No se trata desde luego de un dilema sencillo de resolver. Porque enfrentarse al difícil reto de respondernos con brutal honestidad, por qué es que hemos prestado mayor importancia a lo que inhibe nuestro desarrollo, que a lo que potencialmente podría alentarlo, implica tenérselas que ver con nuestros recovecos mentales más intrincados y/u oscuros. Algo que se dice mucho más fácil de lo que en realidad resulta, porque atreverse a hacerle frente a nuestros demonios personales más persistentes, implica tenérnoslas que ver con ordenar nuestras heridas y/o tropiezos más escabrosos.

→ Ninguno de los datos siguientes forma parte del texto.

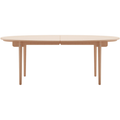 Thumbnail photo of Carl Hansen - Ch338, oiled beech, with space for 2 extension leaves - Dining table - Hans J. Wegner - Wood-coloured - Wood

Es tirarse de lleno a la empresa de encarar lo que en el pasado nos salió mal, no para atormentarnos, sino en esencia para aprender a comprender las razones más sinceras del por qué nos conformarnos con no vernos conseguir lo que cualquiera por dignidad personal merece: Una vida plena.

 

Responder la cuestión con brutal honestidad, puede ser la diferencia entre levantarnos para resolver a nuestro beneficio todo lo que nos propongamos, e ir persistentemente de tropiezo en tropiezo sin conseguir nada significativo, y lo que es peor, autoreprochándonos por no resolver nada sustancial, o culpando a la vida misma de nuestro mal pasar, cual si una suerte de destino fatal ajeno a nosotros mismos nos impidiera autorrealizarnos. Es fácil pensar qué queremos y/o buscamos en la vida, incluso advertir las razones que lo han impedido o condicionado. Pero pocas veces reparamos en por qué hemos puesto más importancia a los obstáculos enfrentados, que a las capacidades con las que contamos para superarlos.

 

Una cosa es segura: la mayor falta de respeto que se puede cometer en contra de nosotros mismos, es la obstinación de no conseguir lo que anhelamos, por no sentirnos dignos de triunfar. Y mientras sea de ese modo, es altamente probable que invirtamos mucho más esfuerzo en malograrnos, que en autorrealizarnos. Pero si la disyuntiva no estuviera entre algo tan remediable como perder o triunfar, y en cambio fuera entre vivir o morir, ¿estaríamos todos tan ridículamente encariñados con no vernos ser nuestra mejor versión?

 

Francamente lo dudo; la diferencia entre quien invierte su talento para realizarse y quien por él se juega todo, es abismal. Pero no es casualidad que sea de ese modo, después de todo, como dijera alguna vez el politólogo argentino Guillermo O’Donnell: La realidad obliga. Porque es hasta que nos vemos confrontados a la más absoluta adversidad que nos da por sacar fuerzas y/o tenacidad de donde no parece haber ya nada.

 

Y es así, porque cuando lo que se está uno jugando es el todo por el todo y no una simple opción entre tantas posibilidades, nos demostramos a nosotros mismos de qué estamos hechos y cuál es en realidad el ímpetu de nuestras aspiraciones. Algo que en condiciones comunes no ocurre, porque aunque no resulte grato reconocerlo, la más de las veces creemos que por mucho que nos equivoquemos, siempre tendremos pase lo que pase la posibilidad de enmendar los tropiezos.  Lo que no siempre es tan así, porque la vida es en toda su magnitud un estado de emergencia permanente; nunca se sabe en realidad cuándo será la última chance que tendremos de hacer una cosa o la otra.

 

Seamos pues consecuentes con la importancia que la atribuimos a todo lo que hacemos y dejemos por responsabilidad propia fuera el ostracismo de autosabotearnos. Después de todo es fundamental no olvidar que en una vida plena, la mediocridad no es opción. Pensar lo contrario es terminar, nos demos cuenta o no, infravalorando que la mediocridad personal tiene efectos sociales por demás desastrosos. Y no creo la verdad –se piense lo que se piense–, que nadie quiera terminar probándolo por cuenta propia.